Also, create a launch script (k02.sh) in /build/openocd:

#!/bin/sh

openocd -f tcl/interface/ftdi/darsena.cfg -f tcl/target/kx.cfg

Make sure the script has executable permissions:

$ chmod +x k02.sh

Note: add a -c "bindto <host ip address>" after kx.cfg in your launch script if you plan to use a different machine to launch the IDE / run GDB.

Zadig

We currently rely on Zadig to make changes to our Windows 10 USB driver installation. We are using a dual-port FT2232H. Port A is routed to the FPGA JTAG, and Port B is routed to the K02 JTAG. Therefore, we want to use OpenOCD with Port B to debug the K02.

We're following the Zadig basic usage instructions documented here. Our goal is to replace the FTDI driver on Port B with the Microsoft WinUSB driver, so OpenOCD and libusb can communicate with the FT2232H Port B JTAG controller / device.

The figure below shows our Device Manager before running Zadig. COM5, COM6, and USB Serial Converter A and B represent the drivers for the two FTDI ports.

The next figure is the Zadig application.

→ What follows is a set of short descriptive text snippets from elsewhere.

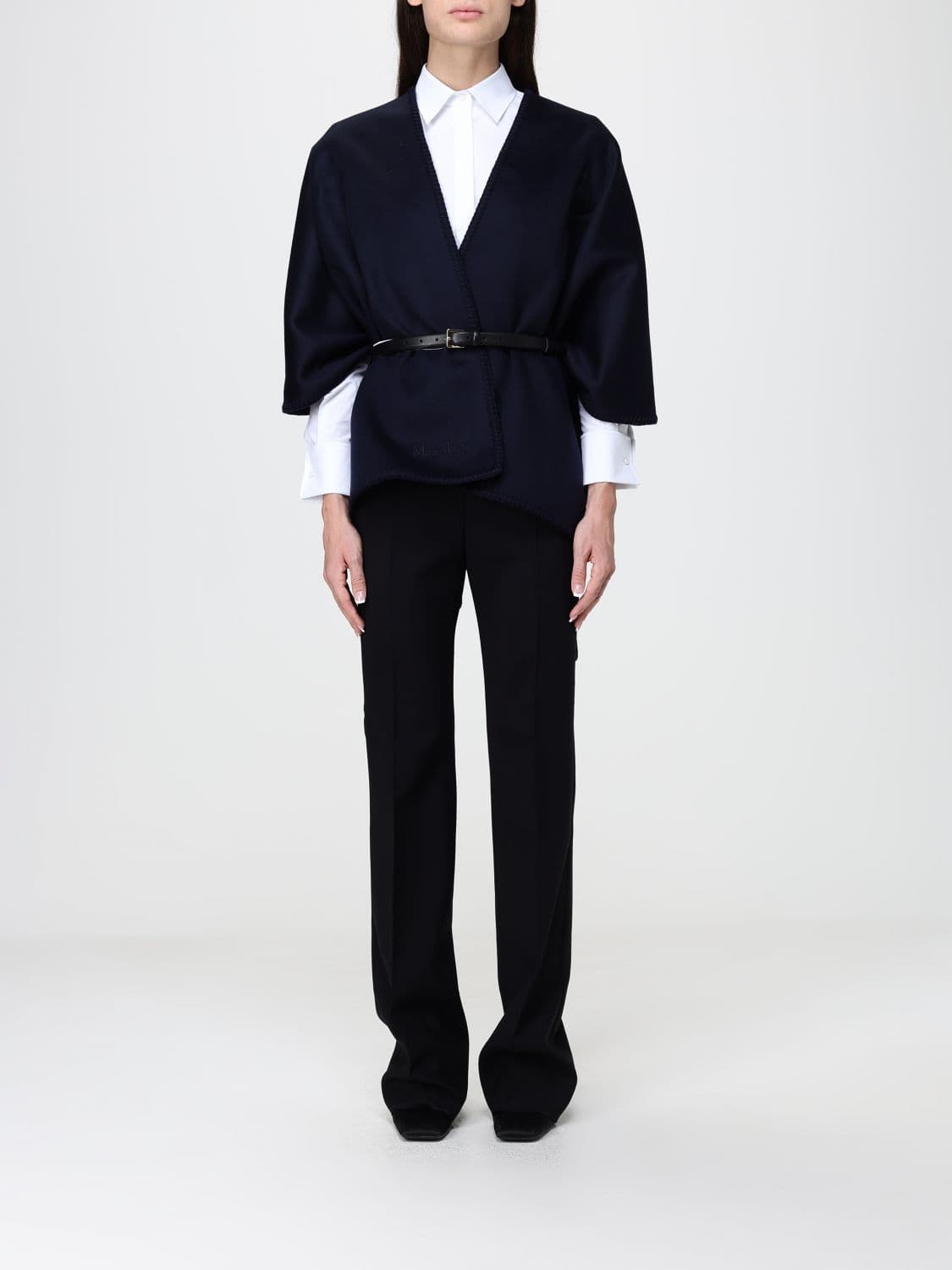 Max Mara Asymmetric Virgin Wool Cape with V-Neck and Adjustable Belt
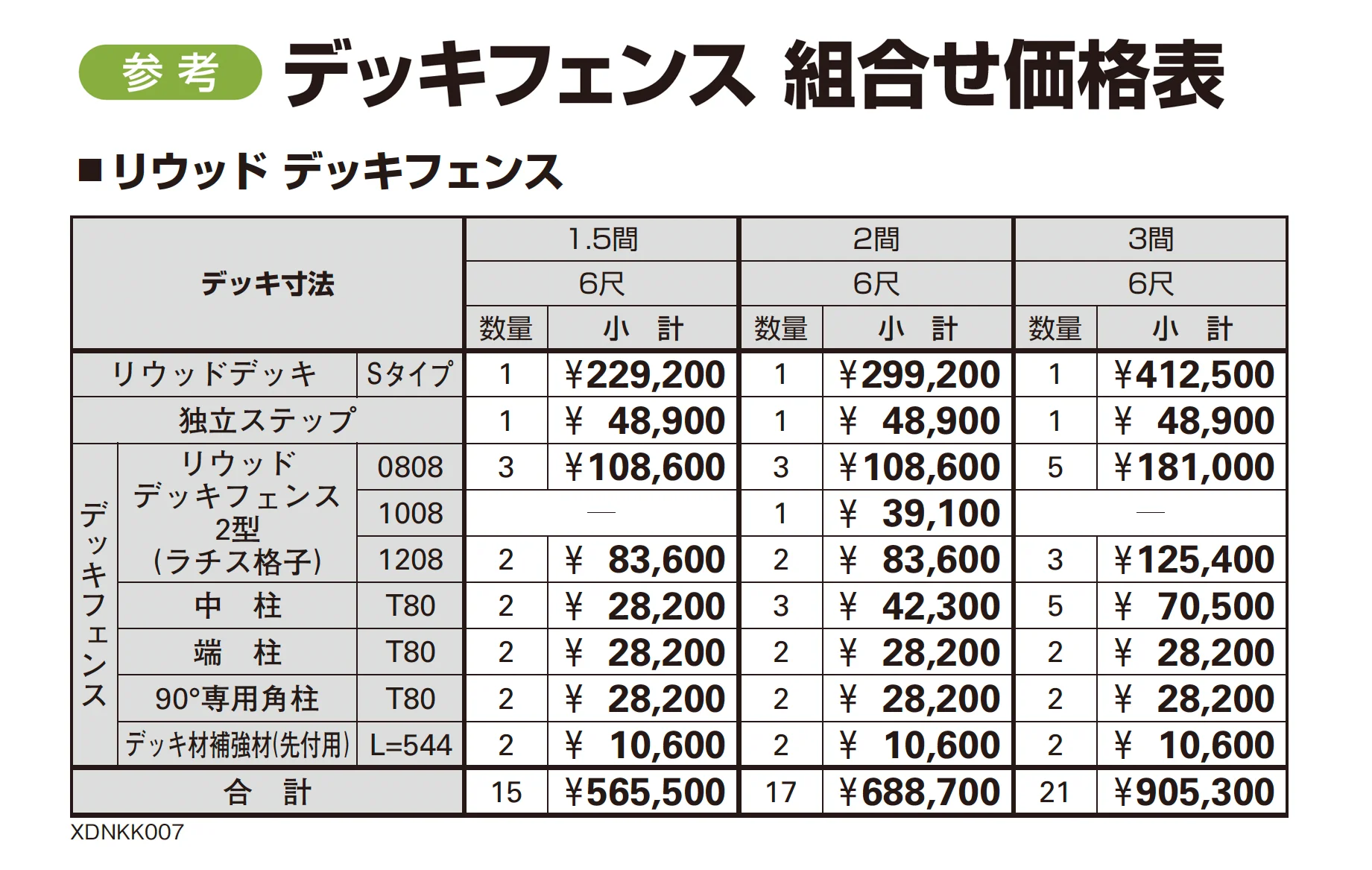リウッドデッキフェンス 2型_価格_3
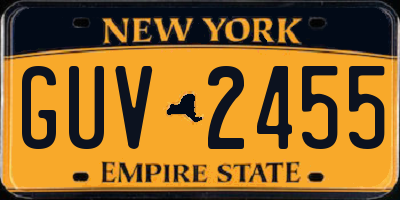 NY license plate GUV2455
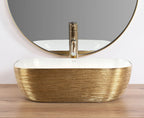 Umývadlo na dosku Rea Belinda White GOLD BRUSH  5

In order to see our FTDI device, we chose "Options->List All Devices". We selected Interface 1 for Port B. After selecting the device, we clicked "Replace Driver".

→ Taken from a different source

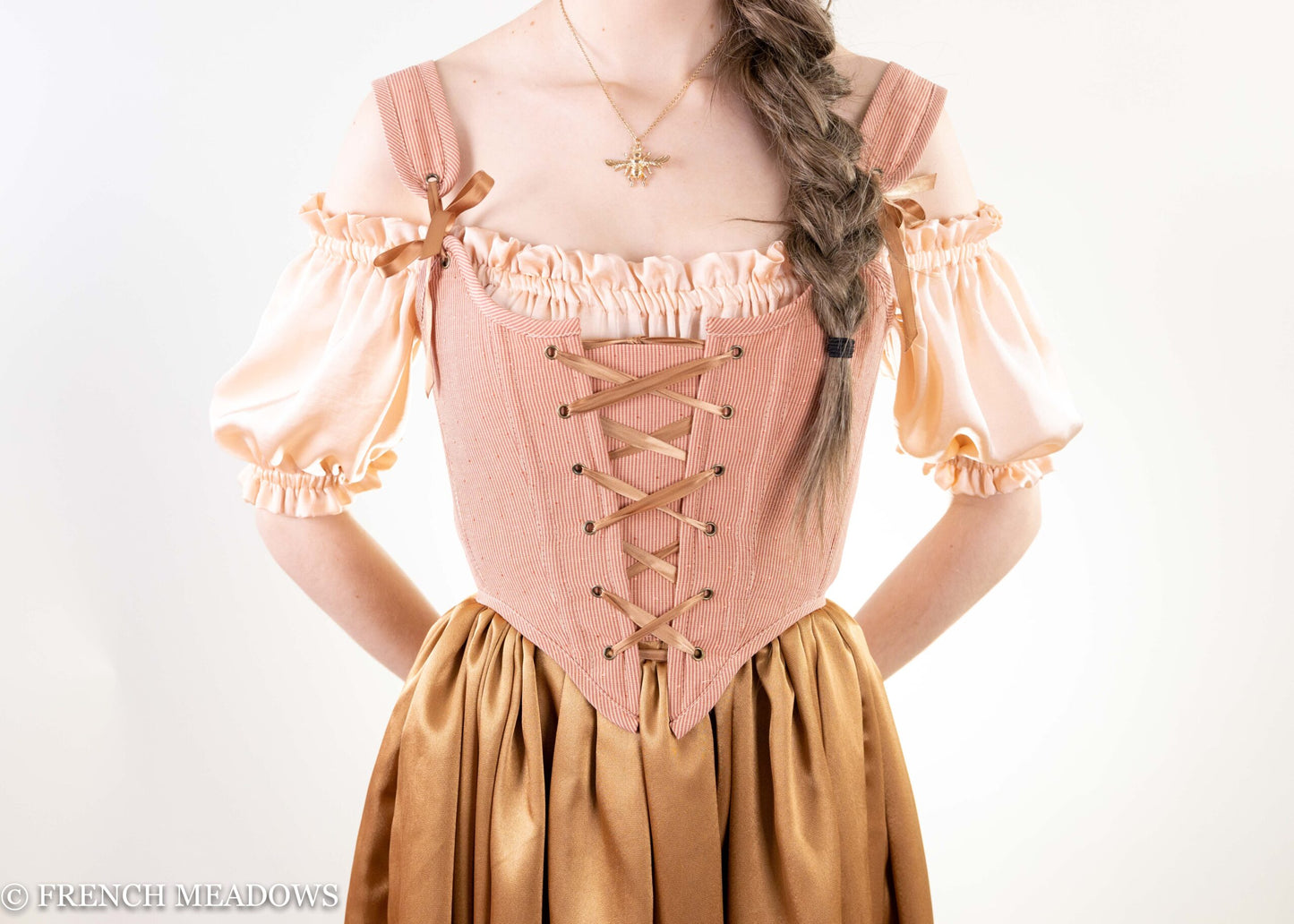 Handmade Rose Gold & Swiss Dot Renaissance Bodice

The figure below is our Device Manager after running Zadig. You can see that COM6 and USB Serial Converter B disappeared. In its place is "Dual RS232-HS", which represents a WinUSB driver.

Run OpenOCD

We're ready to run openocd, so run the k02.sh script we created earlier (from /build/openocd):

$ ./k02.sh 
Open On-Chip Debugger 0.10.0+dev-00808-gdea90ae4 (2019-04-28-17:21)
Licensed under GNU GPL v2
For bug reports, read
        http://openocd.org/doc/doxygen/bugs.html
Info : auto-selecting first available session transport "jtag". To override use 'transport select <transport>'.
Info : add flash_bank kinetis kx.pflash
adapter speed: 1000 kHz
none separate
cortex_m reset_config sysresetreq
Info : Listening on port 6666 for tcl connections
Info : Listening on port 4444 for telnet connections
Info : clock speed 1000 kHz
Info : JTAG tap: kx.cpu tap/device found: 0x4ba00477 (mfg: 0x23b (ARM Ltd.), part: 0xba00, ver: 0x4)
Info : MDM: Chip is unsecured. Continuing.
Info : kx.cpu: hardware has 6 breakpoints, 4 watchpoints
Info : kx.cpu: external reset detected
Info : Listening on port 3333 for gdb connections

Note the line above Listening on port 3333 for gdb connections. This is what we'll connect to with GDB inside our IDE.

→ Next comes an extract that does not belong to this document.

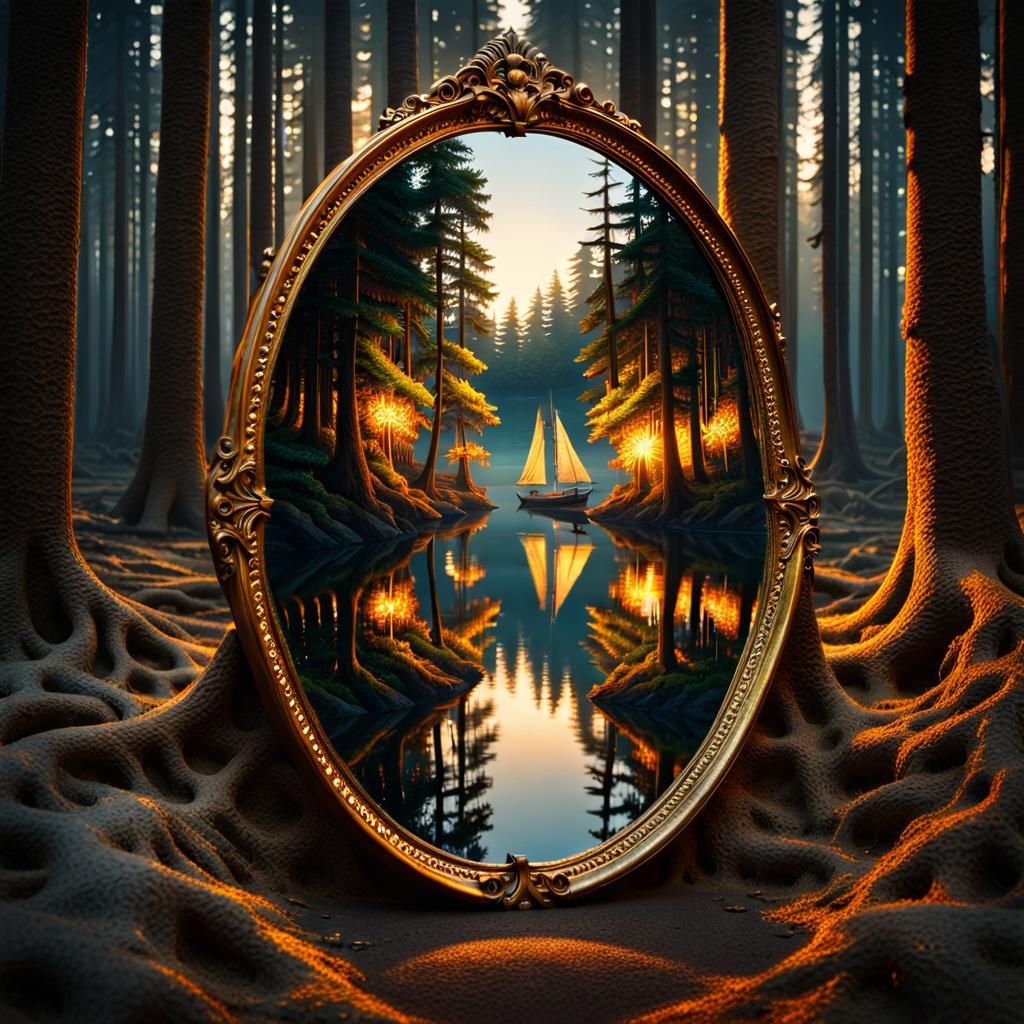 Dark Forest Road Mirror Reflects Sailboats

Now, start your IDE of choice and open or start a test C project. In this article, we assume you are using NXP's MCUXpresso.

Open Debug Configurations: Run -> Debug Configurations

Create a new configuration under "GDB Hardware Debugging" and set up the debugger tab as shown in the figure below. In our case, we run the IDE on a different PC than OpenOCD, so we specify the IP address of the machine where openocd is running.

Configure your "Startup" settings as shown:

When you're ready, click "Debug". You should see both the IDE and the openocd terminal window update. If you have errors, please report them below, and we'll try our best to help you.

Footnotes

1. Darsena supports multiplexing FT2232H Port A with the FPGA JTAG and a UART. For more information see Darsena Hardware Specification.